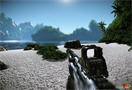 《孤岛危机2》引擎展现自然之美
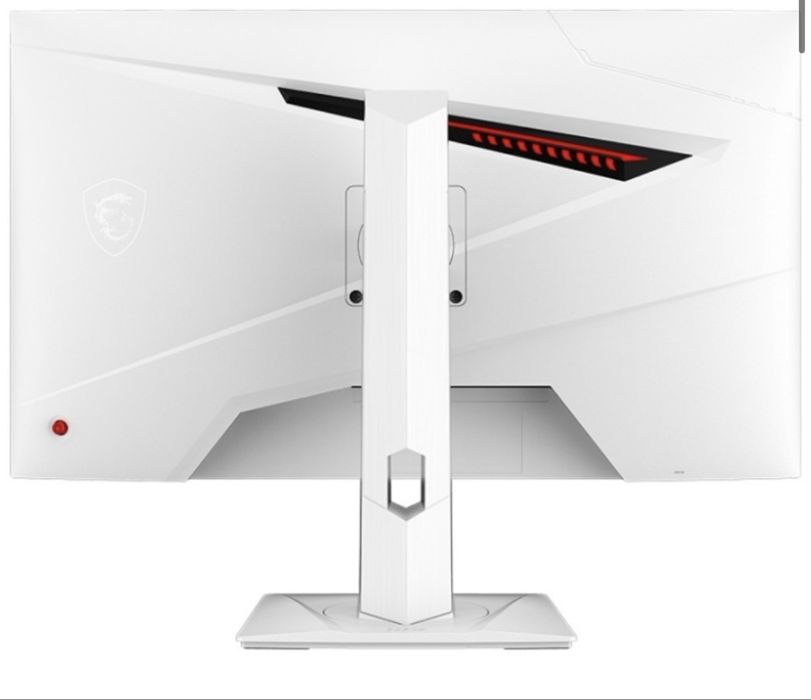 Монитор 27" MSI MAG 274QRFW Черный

------

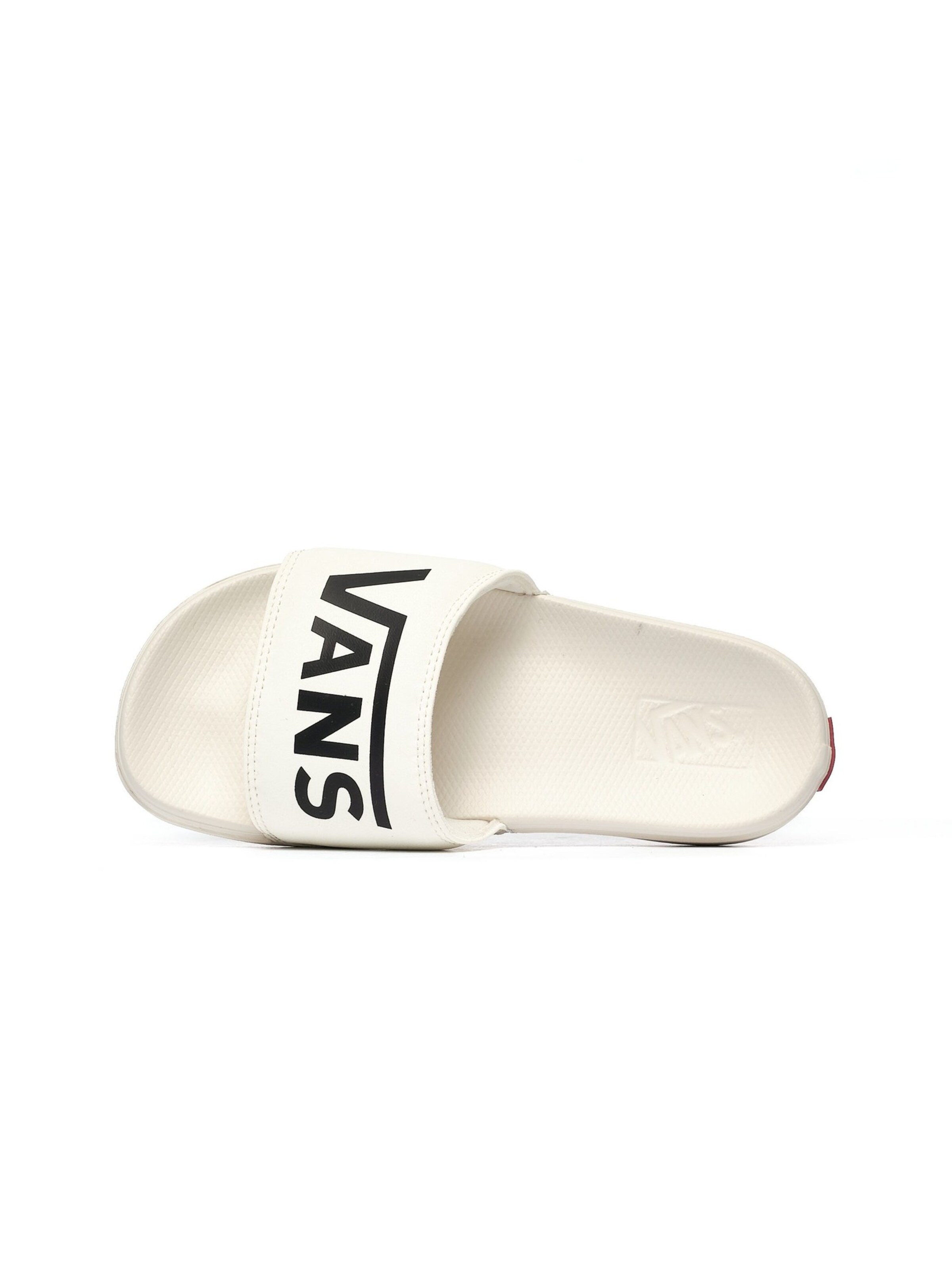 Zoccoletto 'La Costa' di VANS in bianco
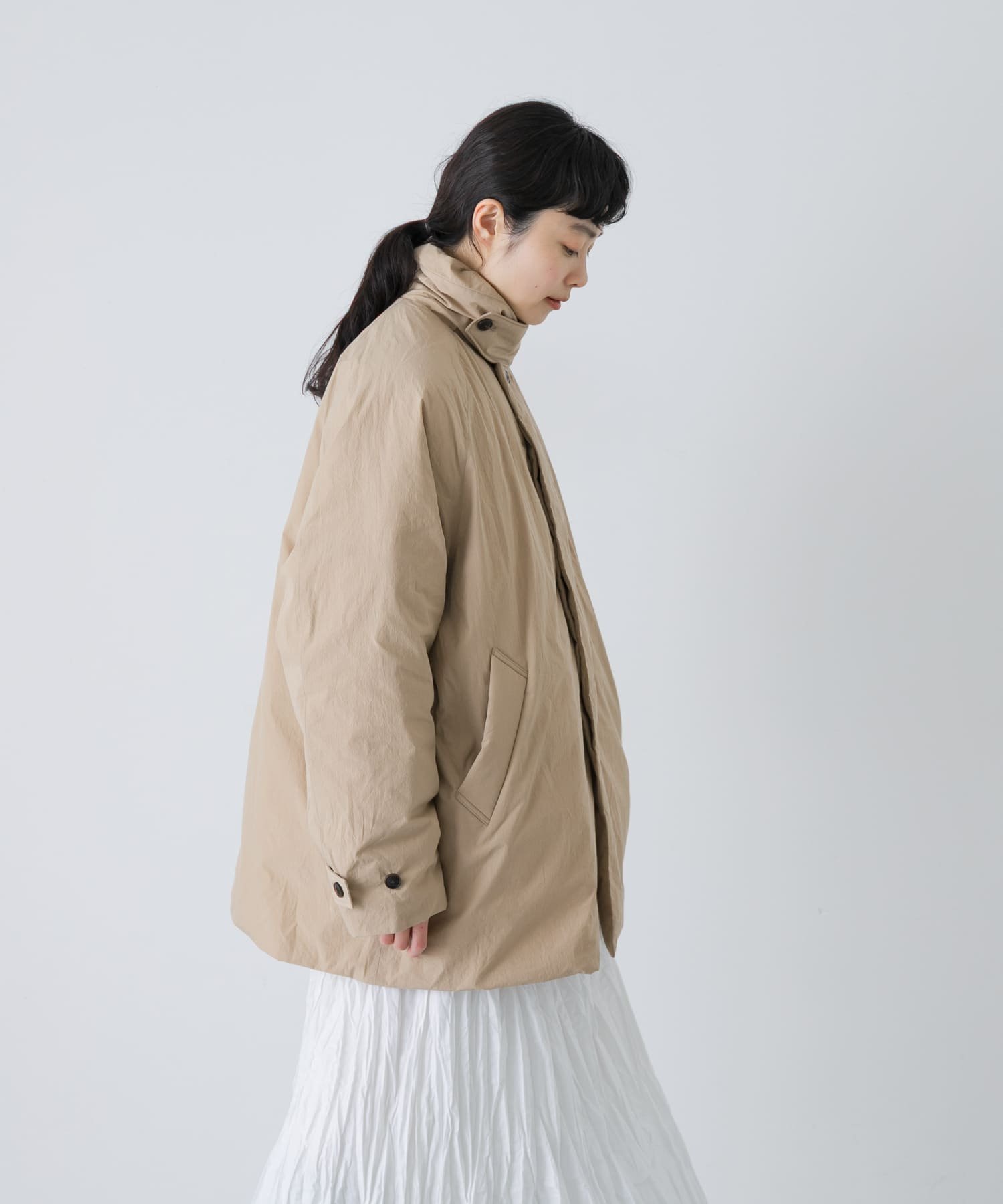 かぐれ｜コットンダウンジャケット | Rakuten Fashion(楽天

------

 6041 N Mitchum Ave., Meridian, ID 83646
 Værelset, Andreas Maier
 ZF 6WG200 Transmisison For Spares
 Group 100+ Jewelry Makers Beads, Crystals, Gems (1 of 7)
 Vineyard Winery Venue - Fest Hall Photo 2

------

• _Try it_:
Going down the listing above, begin printing at the line with "Group 100+ Jewelry" and finish with the line with "Vineyard Winery Venue - Fest Hall Photo 2", exactly as they appear.

• _Output for this exercise_:
 Group 100+ Jewelry Makers Beads, Crystals, Gems (1 of 7)
 Vineyard Winery Venue - Fest Hall Photo 2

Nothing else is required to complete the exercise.